# Movie recommendation on Amazon SageMaker with Factorization Machines

Recommendation is one of the most popular applications in machine learning (ML). This lab is a modified version of [Build a movie recommender with factorization machines on Amazon SageMaker](https://aws.amazon.com/blogs/machine-learning/build-a-movie-recommender-with-factorization-machines-on-amazon-sagemaker/) AWS ML blog. It will show you how to build a movie recommendation model based on factorization machines — one of the built-in algorithms of Amazon SageMaker — and the popular [MovieLens](https://grouplens.org/datasets/movielens/) dataset.

### Lab Time
This lab will take around 10 to 15 minutes.

## A word about factorization machines

Factorization Machines (FM) are a supervised machine learning technique introduced in 2010 ([research paper](https://www.csie.ntu.edu.tw/~b97053/paper/Rendle2010FM.pdf), PDF). FM get their name from their ability to reduce problem dimensionality thanks to matrix factorization.

Factorization machines can be used for classification or regression and are much more computationally efficient on large sparse data sets than traditional algorithms like linear regression. This property is why FM are widely used for recommendation. User count and item count are typically very large although the actual number of recommendations is very small (users don’t rate all available items!).
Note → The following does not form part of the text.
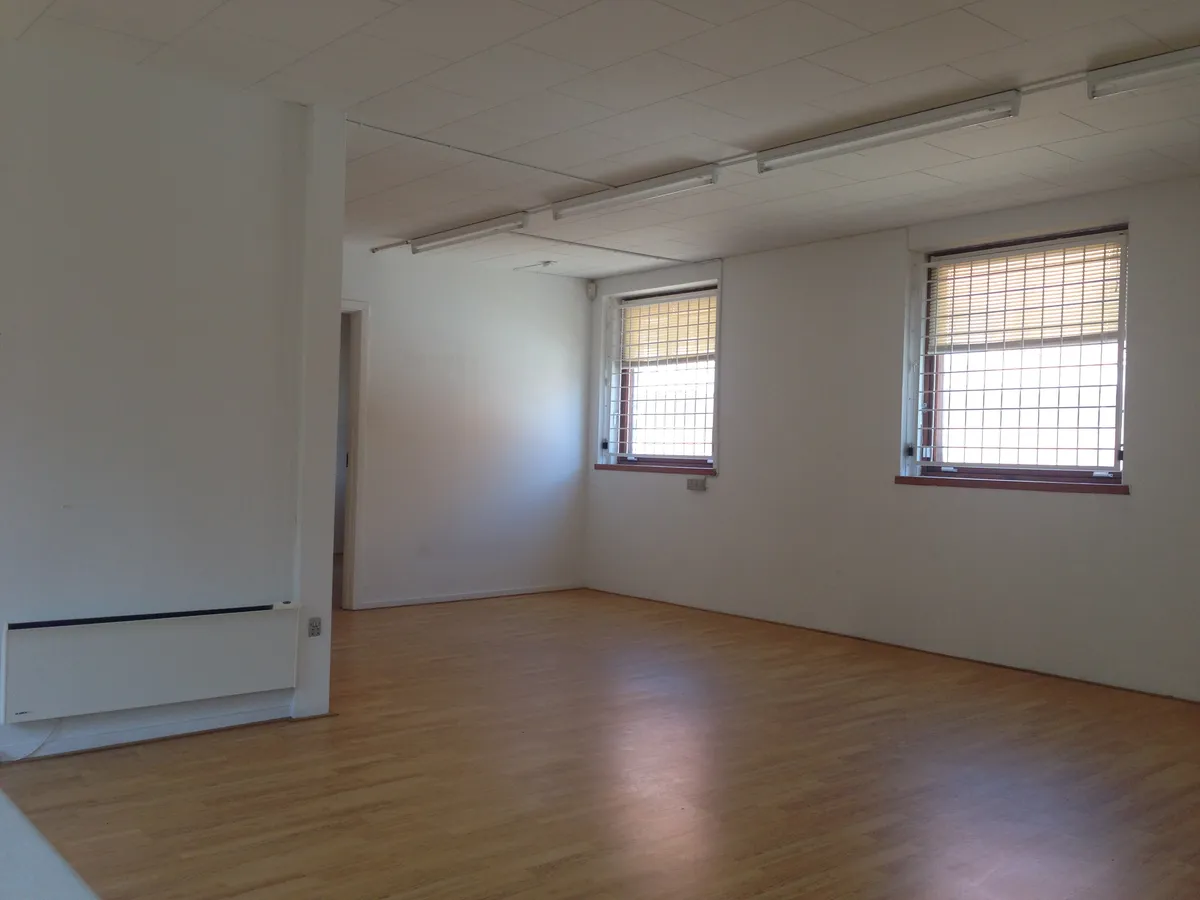 Store, lyse kontorlokaler med trægulv og store vinduer med jalousier. Moderne interiør med hvide vægge og loftsbelægning.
Here’s a simple example: Where a sparse rating matrix (dimension 4×4) is factored into a dense user matrix (dimension 4×2) and a dense item matrix (2×4). As you can see, the number of factors (2) is smaller than the number of columns of the rating matrix (4). In addition, this multiplication also lets us fill all blank values in the rating matrix, which we can then use to recommend new items to any user.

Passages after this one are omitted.